Which aqueous solution would have the lowest vapor pressure at 25°c.

A) 1 M NaCl

B) 1 M $K_3PO_4$

C) 1 M $C_{12}H_{10}O_{11}$

D) 1 M $MgCl_2$

E) 1 M $C_6H_{12}O_6$

Answer : The correct option is, (B) 1 M $K_3PO_4$

Explanation :

According to the relative lowering of vapor pressure, the vapor pressure of a component at a given temperature is equal to the mole fraction of that component of the solution multiplied by the vapor pressure of that component in the pure state.

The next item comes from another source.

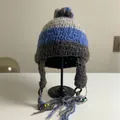 Handmade striped knit trapper hat with pompom and beaded tassels on display stand - M (56-58cm) / Blue Grey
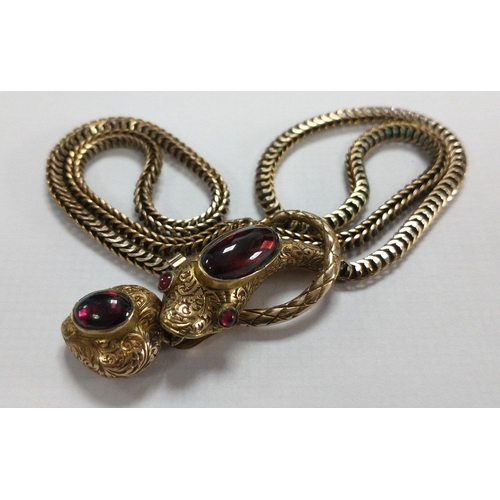 20 - VINTAGE! An unmarked yellow metal necklace with unusual fish pendant and two oval red stones. Gross ...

1 M means that the 1 moles of solute present in 1 liter of solution.

Formula used :

$\frac{\Delta p}{p^o}=i\times X_B$

where,

$p^o$ = vapor pressure of the pure component (water)

$p_s$ = vapor pressure of the solution

$X_B$ = mole fraction of solute

i = Van't Hoff factor

As we know that the vapor pressure depends on the mole fraction of solute and the Van't Hoff factor.

So, the greater the number of particles of solute dissolved the lower the resultant vapor pressure.

(a) The dissociation of 1.0 M $NaCl$ will be,

$NaCl\rightarrow Na^++Cl^-$

So, Van't Hoff factor = Number of solute particles = $Na^++Cl^-$ = 1 + 1 = 2

(b) The dissociation of 1 M $K_3PO_4$ will be,

$K_3PO_4\rightarrow 3K^{+}+PO_4^{3-}$

So, Van't Hoff factor = Number of solute particles = $3K^{+}+PO_4^{3-}$ = 3 + 1 = 4

(c) The dissociation of 1 M $C_{12}H_{10}O_{11}$ is not possible because it is a non-electrolyte solute. So, the Van't Hoff factor will be, 1.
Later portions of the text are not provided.